The measure proposed by Sen. Steve Glazer, a Bay Area Democrat, would be the first of its kind in the nation. Glazer pushed it through the state Senate last month by forging a bipartisan coalition of 16 Democrats and five Republicans.

The bill, which passed the Senate without a vote to spare and has failed to garner much support from either the online lending industry or its critics, still faces a tough fight in the state Assembly. But if the measure does get enacted in California, it could serve as a blueprint for other states.

The legislation tackles the question of whether commercial lenders should be required to disclose the price of financing in a way that enables borrowers to compare multiple offers. Just as nettlesome is the question of how any such comparison metric should be calculated.

Online lenders generally favor self-regulation over government-imposed rules, but various industry-written disclosure regimes that have sprung up in recent years have failed to impose order on a market that is frequently compared to the Wild West.

By contrast, in the consumer finance industry, federal regulations require lenders to disclose the loan’s annual percentage rate, which shows what the total cost of credit would be on a yearly basis.

This approach has its share of critics — short-term lenders typically argue that APRs can be misleading — but it does provide a basis for borrowers to make comparisons.

There is no standard disclosure regime in commercial lending, since business owners are generally thought to be more financially savvy than consumers.

But over the last decade, the push for more borrower protections has grown louder as banks have pulled back from lending to smaller, less-sophisticated businesses, and online lenders have rushed to fill the void. In many cases, the products offered by these newer entrants are expensive and hard to understand.

“While innovation is creating more opportunities for small businesses to grow and thrive, it is also making it easier for bad actors to take advantage of them through hidden fees or unclear loan terms,” Karen Mills, a former head of the U.S. Small Business Administration, said in an email.

A 2016 paper co-written by Mills, who is currently a senior fellow at Harvard Business School, found that short-term lines of credit from online small business lenders often have APRs approaching 50%, while APRs on merchant cash advances often range from 60% to 70%. The study noted that few lenders disclose the APR, which makes it difficult for business owners to comparison shop.

Cost is one reason why small-business borrowers tend to be less satisfied with online lenders than with banks or credit unions. A 2017 survey of small businesses by the 12 Federal Reserve banks found that just 35% borrowers approved by online lenders were satisfied with their experience. That compared with a 49% satisfaction rate at large banks, a 73% satisfaction rate at small banks and a 74% rate at credit unions.

The legislation that is pending in California includes an exemption for banks and credit unions, and they have stayed on the sidelines of the legislative debate. But numerous other interest groups are opposing the bill.

In its original form, the legislation would have required small-business lenders to disclose a consumer-style APR. But that proposal drew jeers from companies that offer merchant cash advances, a form of financing in which the customer agrees to pay a fixed percentage of their certain revenues over a period of time.

After receiving input from the Small Business Finance Association, an industry group whose members include merchant cash advance firms, Glazer agreed to replace the APR with a different rate, which is known as the estimated annualized cost of capital.
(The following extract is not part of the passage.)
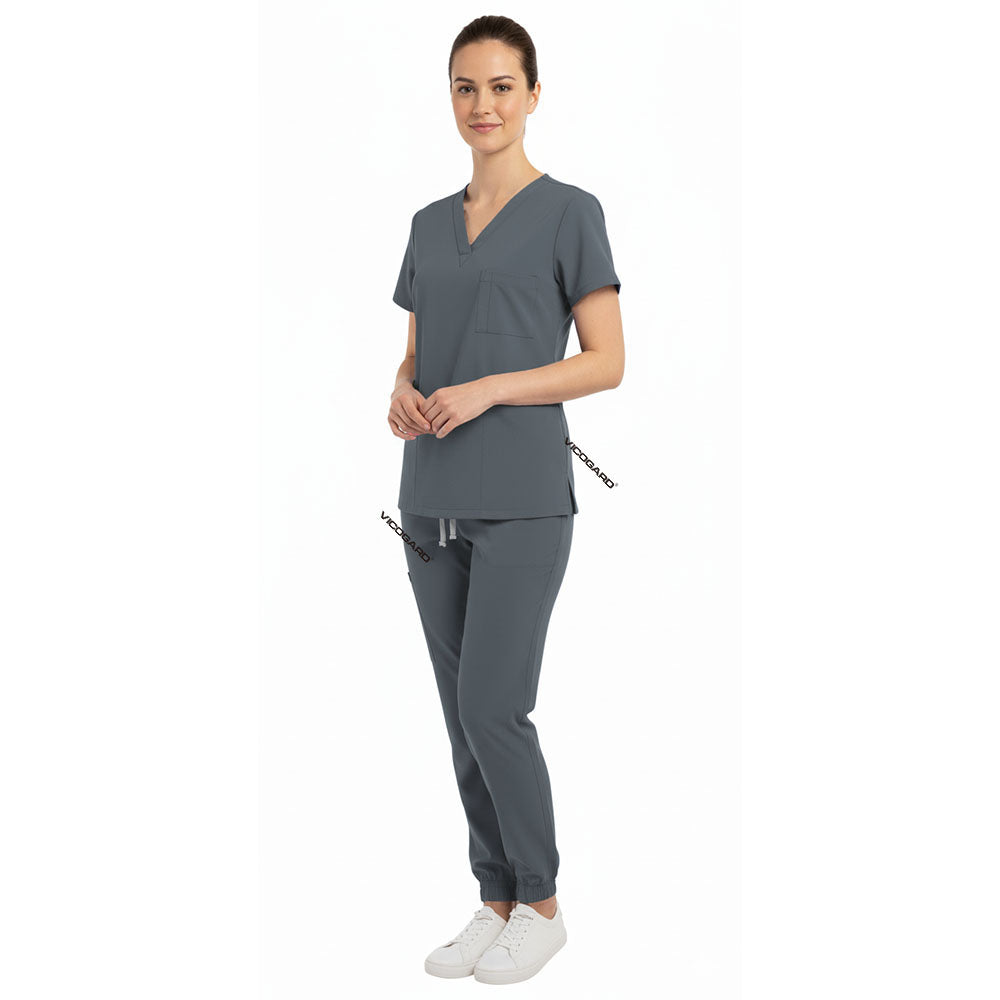 Side view of Gray scrub joggers showing athletic fit and deep cargo pockets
The bill would apply to small businesses that borrow $500,000 or less.

“We appreciate Sen. Glazer sort of taking an innovative approach to this bill,” said Steve Denis, executive director of the Small Business Finance Association. “He really worked hard on developing a new metric that is a better tool for small businesses, and that’s why we ended up supporting it.”

Other industry groups are more critical.

Scott Talbott, senior vice president of government relations at the Electronic Transactions Association, said that the bill’s formula is untested, and he argued that the legislation will not make it easier for borrowers to compare multiple offers.
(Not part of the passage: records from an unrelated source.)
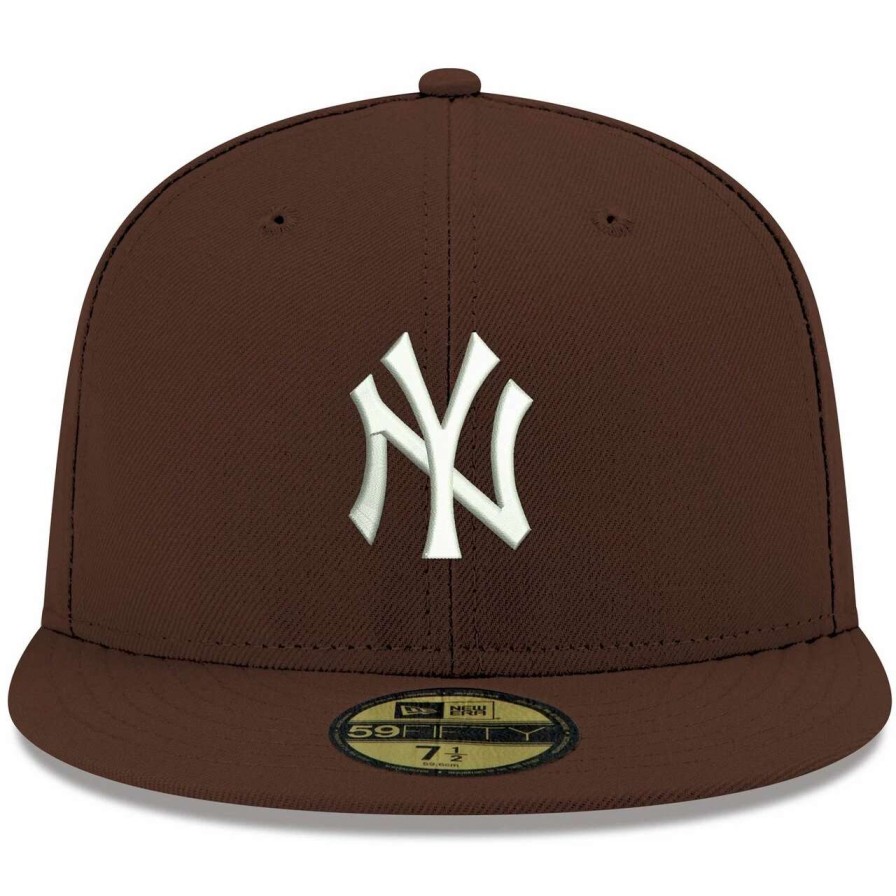 New York Yankees Caps * | Men'S New York Yankees New Era Brown White Logo 59Fifty Fitted Hat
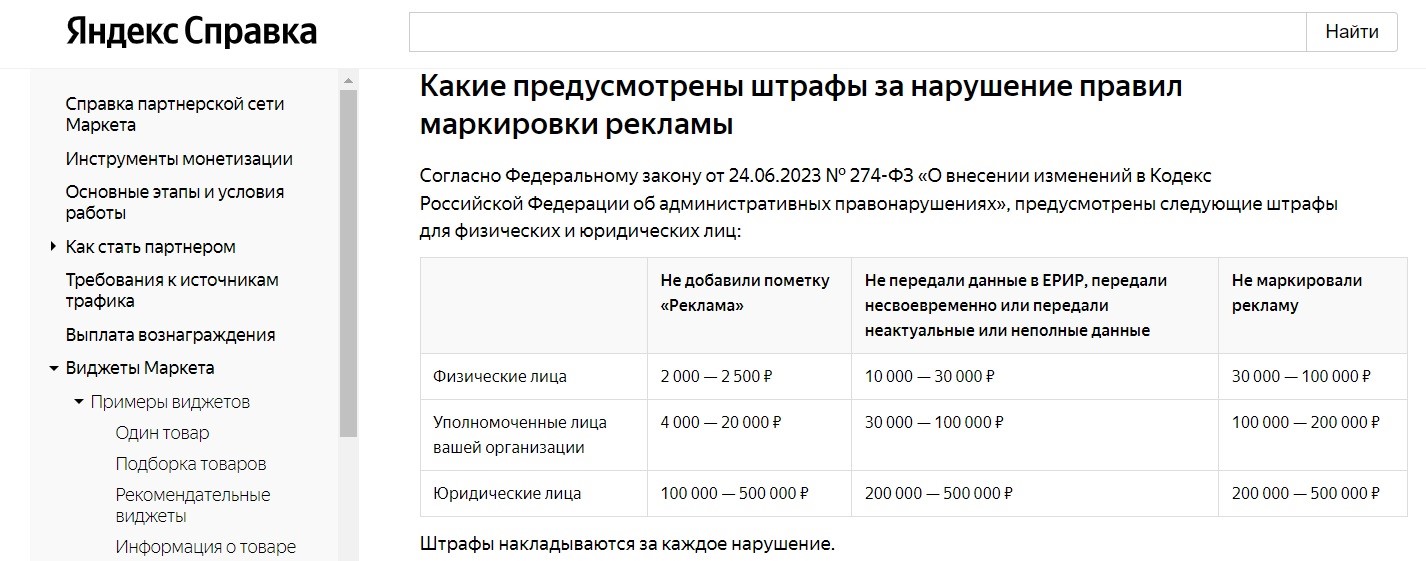 Штрафы за отсутствие маркировки рекламы в Яндексе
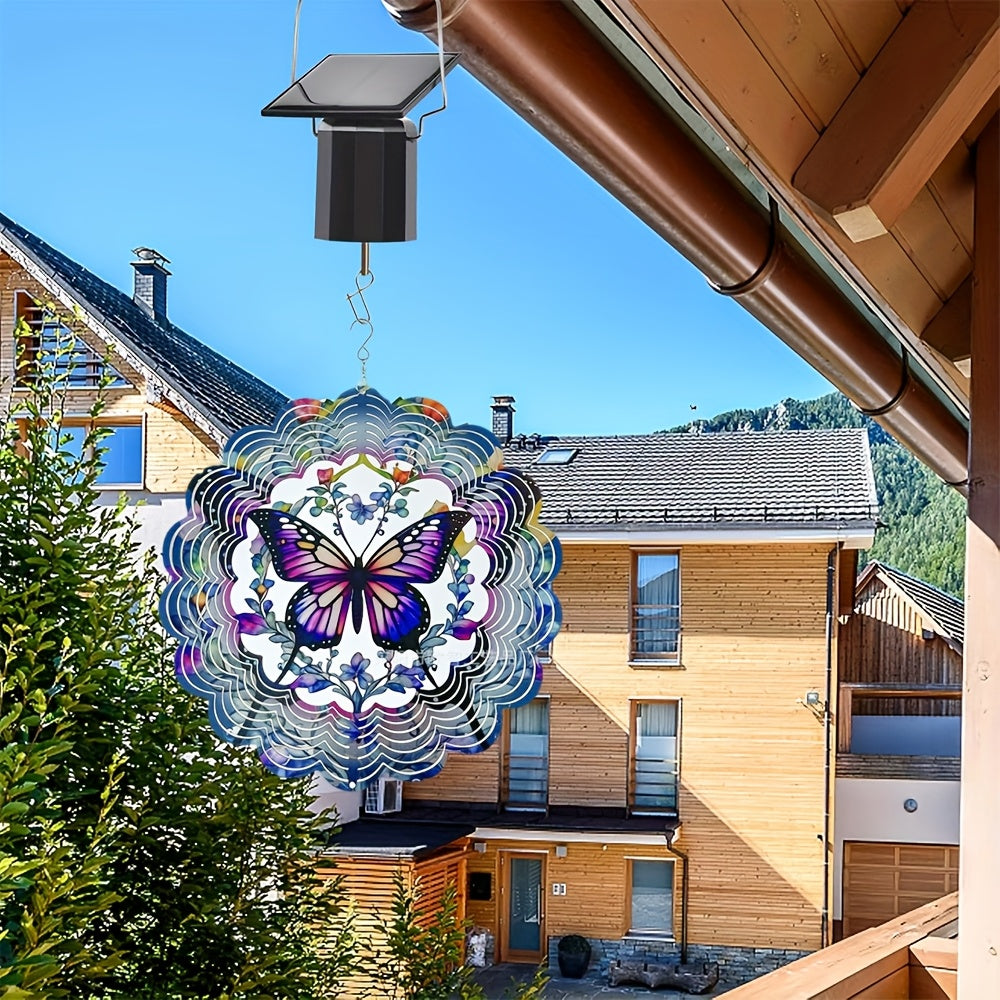 Wind Spinner Solar Motor with Hook Solar Powered Wind Chime Ornament Rotating Outdoor Decor Wind Spinner Solar Motor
Members of the Electronic Transactions Association include PayPal, Amazon and Square, all of which offer financing to merchants.
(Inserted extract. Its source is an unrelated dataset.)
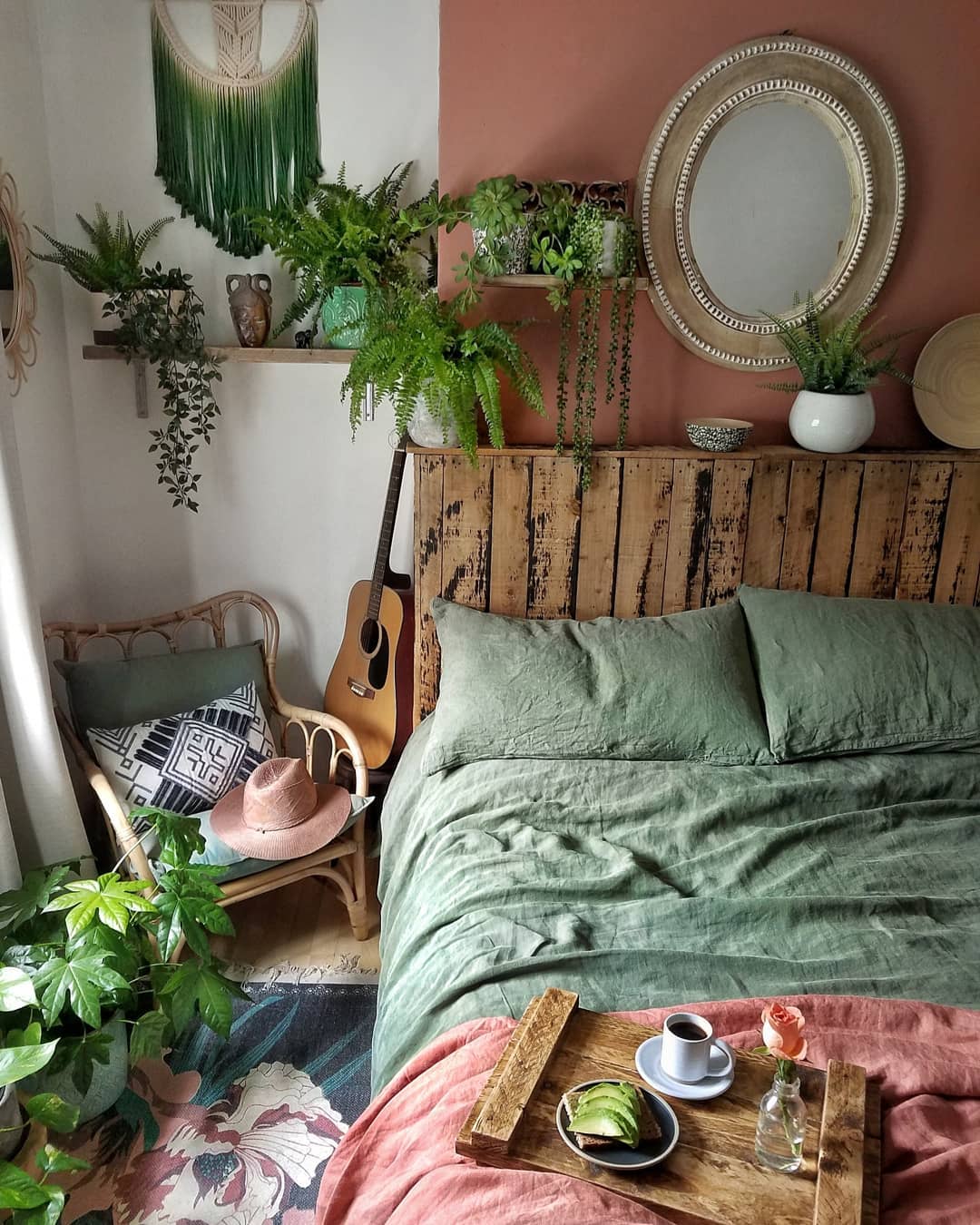 36. Bohemian Haven with a Woven Canopy Bed and Moroccan Lanterns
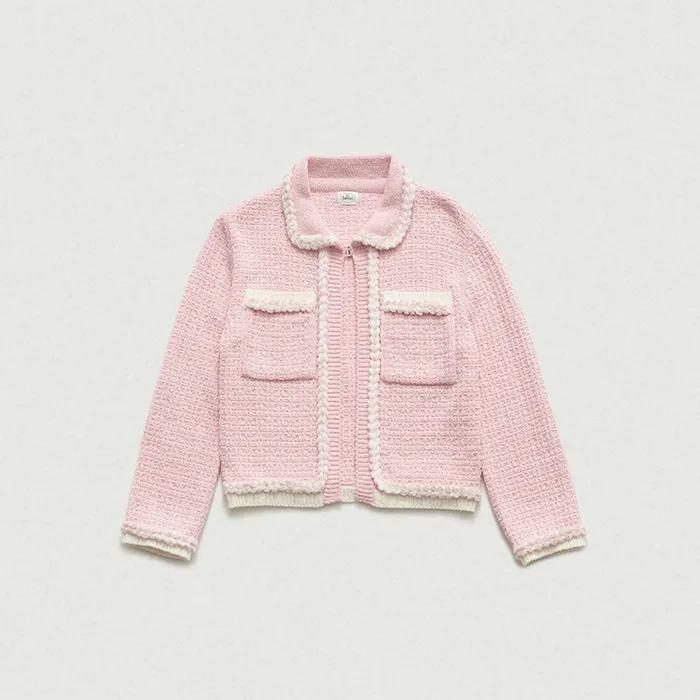Vanessa Cotton Boucle Cardigan_Pink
Also opposing the bill is the Innovative Lending Platform Association, whose members include OnDeck Capital and Kabbage. Since 2016, the group has been calling for small-business lenders to adopt its own standard disclosure form.

Even nonprofit lenders that are critical of high-cost credit providers have not been convinced to support the legislation.

Opportunity Fund, a nonprofit lender based in San Jose, said that while the legislation has a lot of strong elements, its key disclosure metric is misleading.

“Small-business owners deserve tested, comparable disclosures that allow them to make well-informed decisions about financing,” the firm said in an email.

For his own part, Sen. Glazer argued that California needs to act to protect small-business owners because Washington has proven unwilling to rein in unscrupulous practices. “My expectations for federal action are very low,” he said.

Glazer also emphasized that he does not want to restrict small-business lending. “It’s simply to provide fair disclosure,” he said.